Updated at 11:35 a.m. Tuesday:
Health insurance rates through the Covered California insurance exchange will be rising between 8.4 percent and 10.8 percent on average next year in the central San Joaquin Valley, the exchange announced Tuesday.
Covered California Executive Director Peter V. Lee announced rate increases for 2017 for consumers buying health coverage the state insurance exchange.
Statewide, rates are up 13.2 percent on average.
Rates in Fresno, Kings and Madera counties are increasing by 10.8 percent on average. And rates in Tulare, Merced and Mariposa counties are going up 8.4 percent on average. Rates through some health plans, though, will be rising as much as 23 percent.
Lee said consumers can save money by shopping for options that offer a lower premium in the same metal-tier plan they are enrolled in today.
It will cost more to buy health insurance through Covered California for next year, but Californians are not seeing the steep premium increases facing consumers buying coverage through health exchanges in other states.
Covered California announced proposed premium increases Tuesday morning at a news conference in Sacramento.
This story will be updated.
Central San Joaquin Valley consumers will be losing a health plan in 2017. United Healthcare, which entered the Covered California market in 2016, is leaving the exchange at the end of this year.
Competition among health plans – the Valley has had four including United – has helped keep down the costs that consumers have paid in monthly insurance premiums.
Nationwide, increases of as much as 60 percent have been projected for consumers shopping for health plans through the Affordable Care Act exchanges for 2017. But Californians shouldn’t expect that kind of sticker shock, experts say.
60Projected percent increase in Affordable Health Care plan premiums in some states
“So far, it looks like single-digit increases,” said Gordon Paul, a certified insurance agent who helps consumers enroll in Covered California health plans. However, health plans and the state have been “hush, hush” about increases, he said. “Sometimes you hear something and whether that’s going to be the case is a different story.”
Premium rates can vary by region, and Charles Bacchi, president and chief executive officer at the California Association of Health Plans, said last week he didn’t know the final rates for health plans. Some could be up more than others, he said.
And regardless of an increase, about 90 percent of California consumers get federal subsidies that help pay the cost of insurance premiums, he said.

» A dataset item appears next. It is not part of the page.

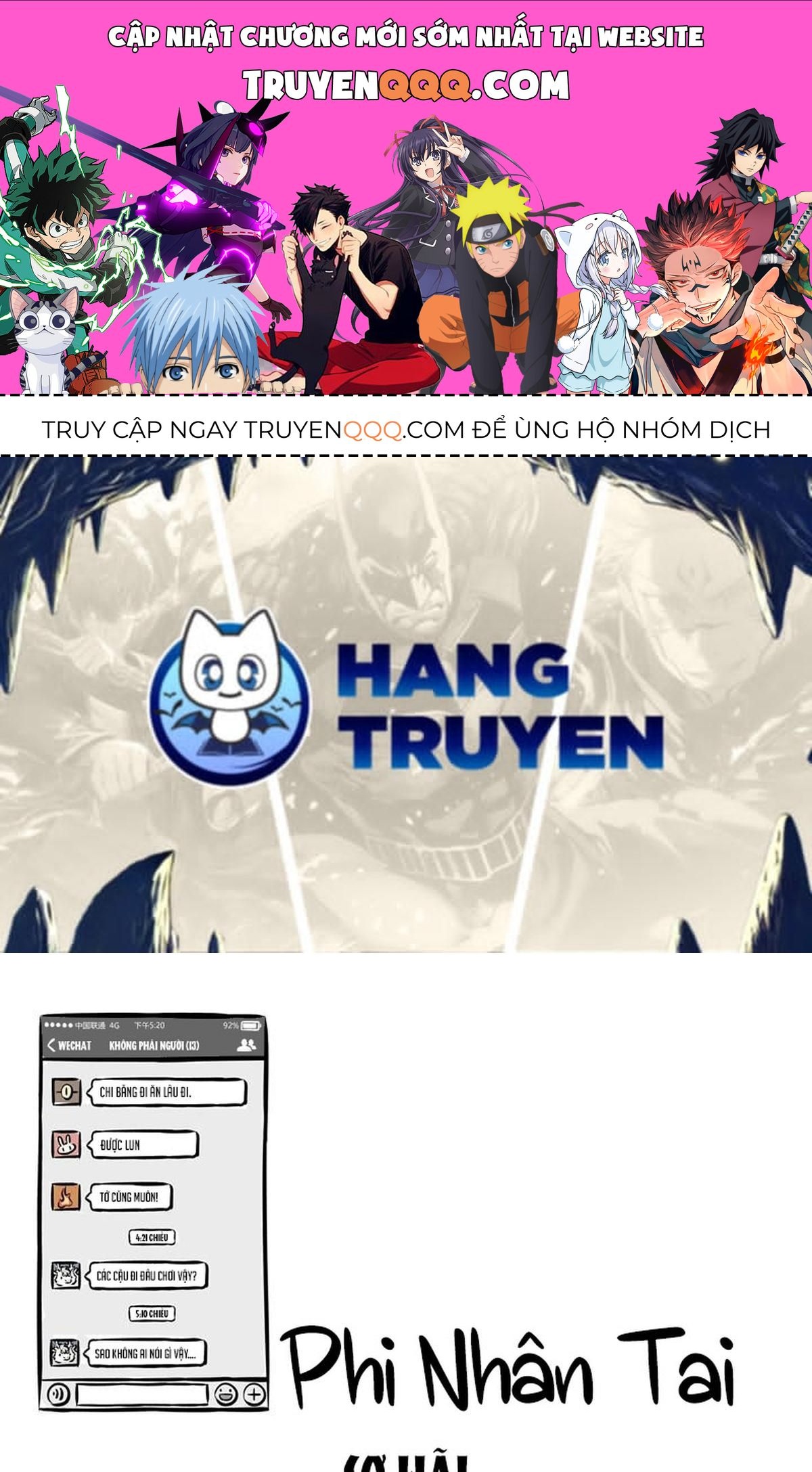 Phi Nhân Chapter 42 - Trang 2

Californians have not experienced runaway premium increases since implementation of the Affordable Care Act in 2014. The state has been blessed with lower-than-historic levels of medical inflation of about 4 percent, Bacchi said. “This year, as we head into 2017, and we start planning for premiums, we’re seeing a return to more historical growth,” he said. Prior to the Affordable Care Act or Obamacare as it is still called, the growth was from 5 to 10 and 15 percent, he said.
Four factors are affecting the setting of premium rates in 2017, Bacchi said: increased spending on medical care, skyrocketing cost for prescription drugs, the phase-out of two federal programs designed to stabilize the insurance market, and enrollees gaming the system by signing up for coverage only when they need medical care.

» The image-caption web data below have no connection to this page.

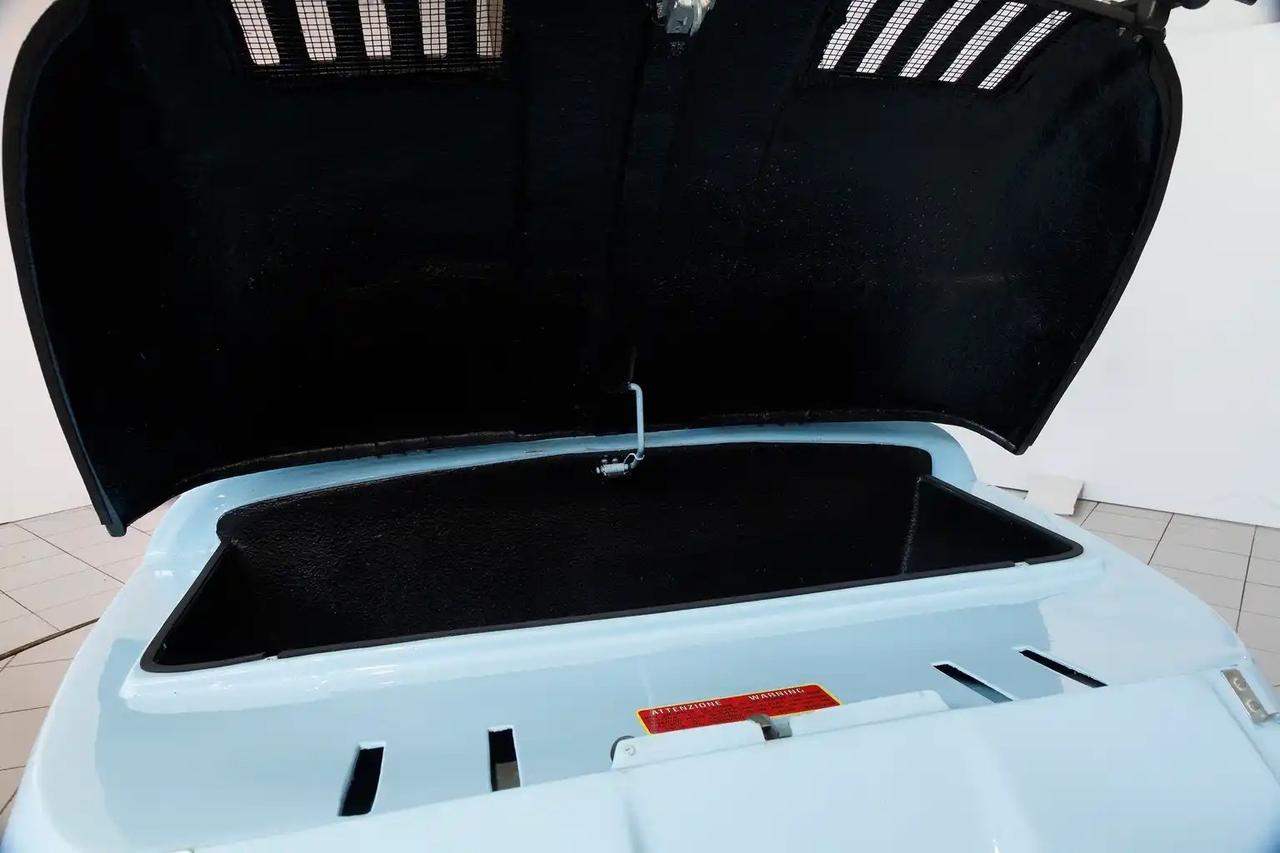 Fiat 500 Moretti Mare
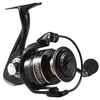 Moulinet de pêche en métal Moulinet de pêche en mer Accessoires de canne à pêche Outils de pêche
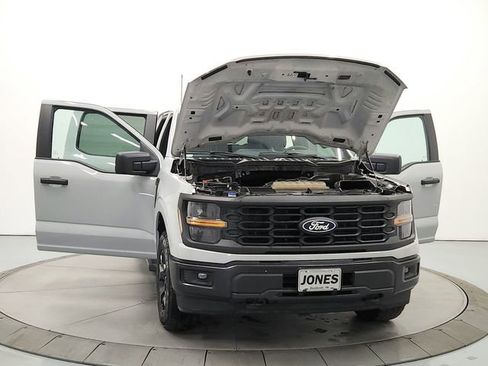 Used 2024 Ford F150 STX w/ Equipment Group 201A FX4 AWD/4WD image 10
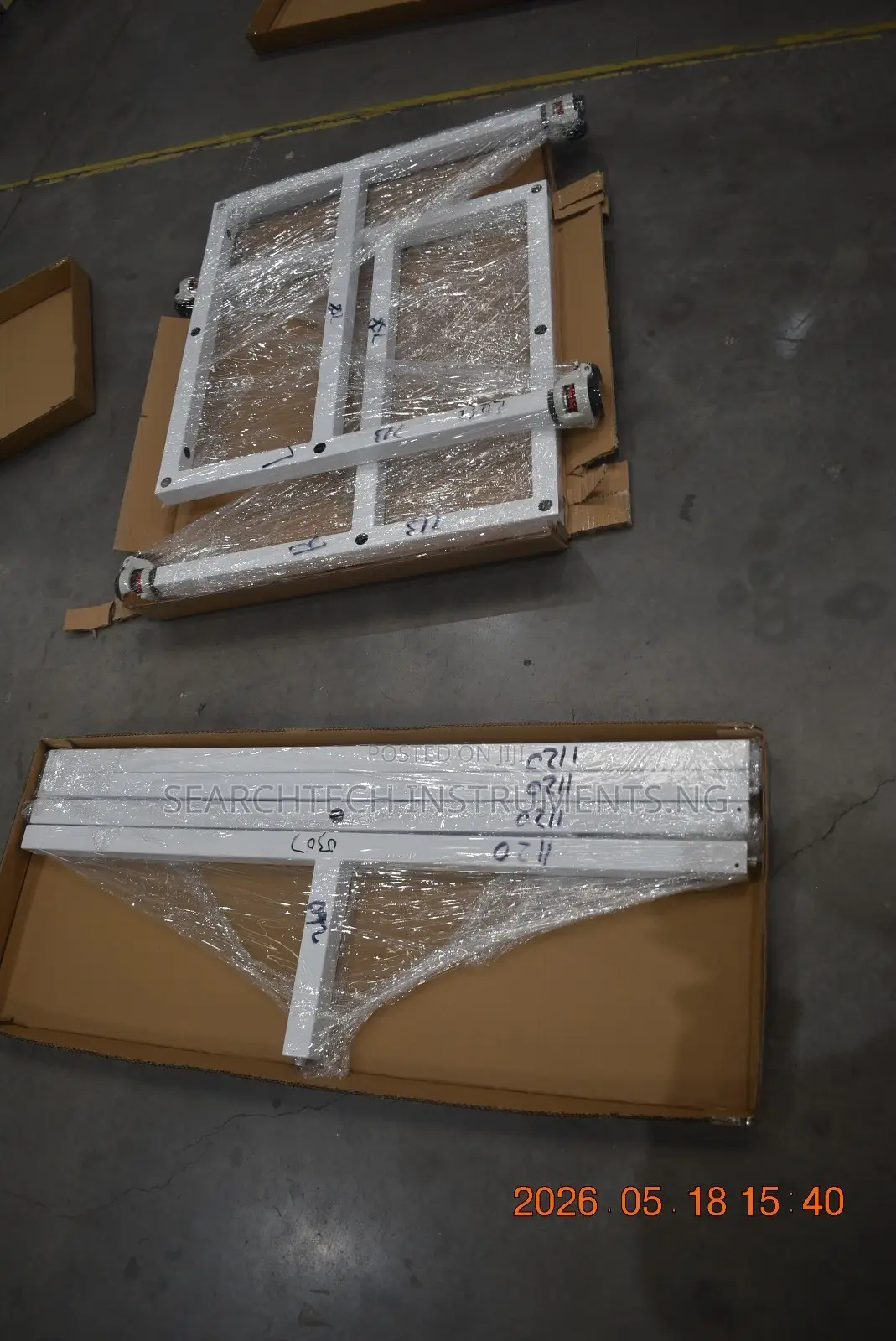 Biobase Fume Hood or Fume Cupboard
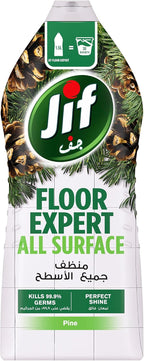 JIF Floor Expert Liquid Cleaner, All Surface, Pine, 1.5L — additional product view 2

Bill Wehrle, Kaiser Pemanente vice president health insurance exchanges, said in an email Monday that the health plan is “committed to offering stable rates over the long term.”

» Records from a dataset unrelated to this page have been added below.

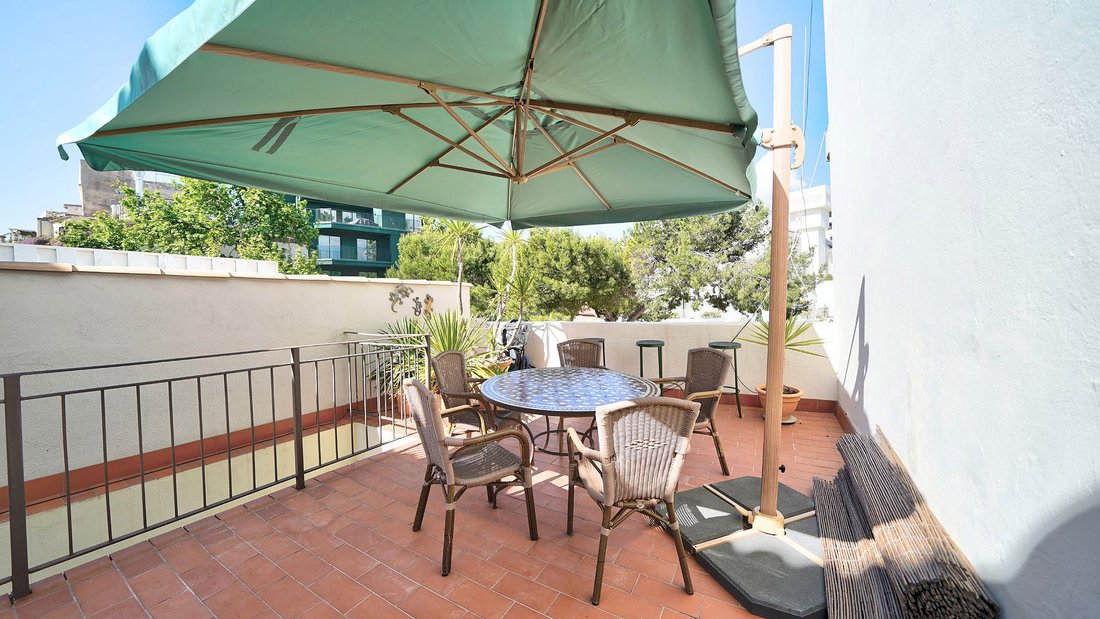 Apartment in Palma, Balearic Islands, Spain 3 - 17775096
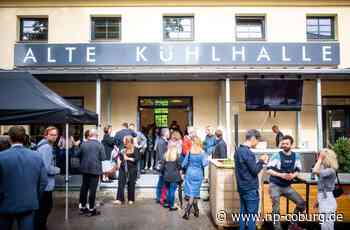 Mit vielen Bildern: So feiert Coburg die Alte Kühlhalle - Coburg - Neue Presse Coburg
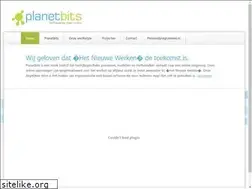 Sites similar to planetbits.nl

Wehrle did not provide rates for 2017, but acknowledged factors that could increase them: “A greater and increasing use of services, changes in program and rules, higher costs of prescription drugs – including new, high-cost specialty drugs – have been realities all health plans have faced,” he said.
According to the California Association of Health Plans, medical costs have increased as more people seek care, and prices for the care have increased. The price of hospital admission has increased 76 percent since 2004, the association said.
But the cost of prescription drugs is the fastest-growing segment of health-care spending. Prices for new drugs are astronomical, and in addition “drug companies are raising prices of existing drugs by two-to-threefold,” Bacchi said.
We just need to make sure they all have legitimate enrollment qualifying events and that there’s no funny business going on.
Charles Bacchi, president and CEO of the California Association of Health Plans
The health plan association also cites the loss of two Affordable Care Act provisions for increasing premium rates.
The “reinsurance” and “sunset corridor” provisions of the Affordable Care Act are set to end this year. Both programs helped spread costs more evenly for health plans, Bacchi said. Estimates are nationally that the loss of the programs could increase premiums as much as five percent or greater, he said. “It creates some uncertainty for health plans moving forward.”
A large number of Californians also are signing up for health plans outside of open enrollment, the set time each year for people to pick health plans for the coming year, Bacchi said.
Health plans are concerned people are “gaming the system” by waiting until they are sick and then citing a special circumstance to get coverage, he said. By law, every American is required to have health insurance, but people can buy coverage outside of open enrollment when there is a change in circumstances, such as a move, a marriage or divorce.
California does not require validation of a change in circumstance, Bacchi said. “We just need to make sure they all have legitimate enrollment qualifying events and that there’s no funny business going on.”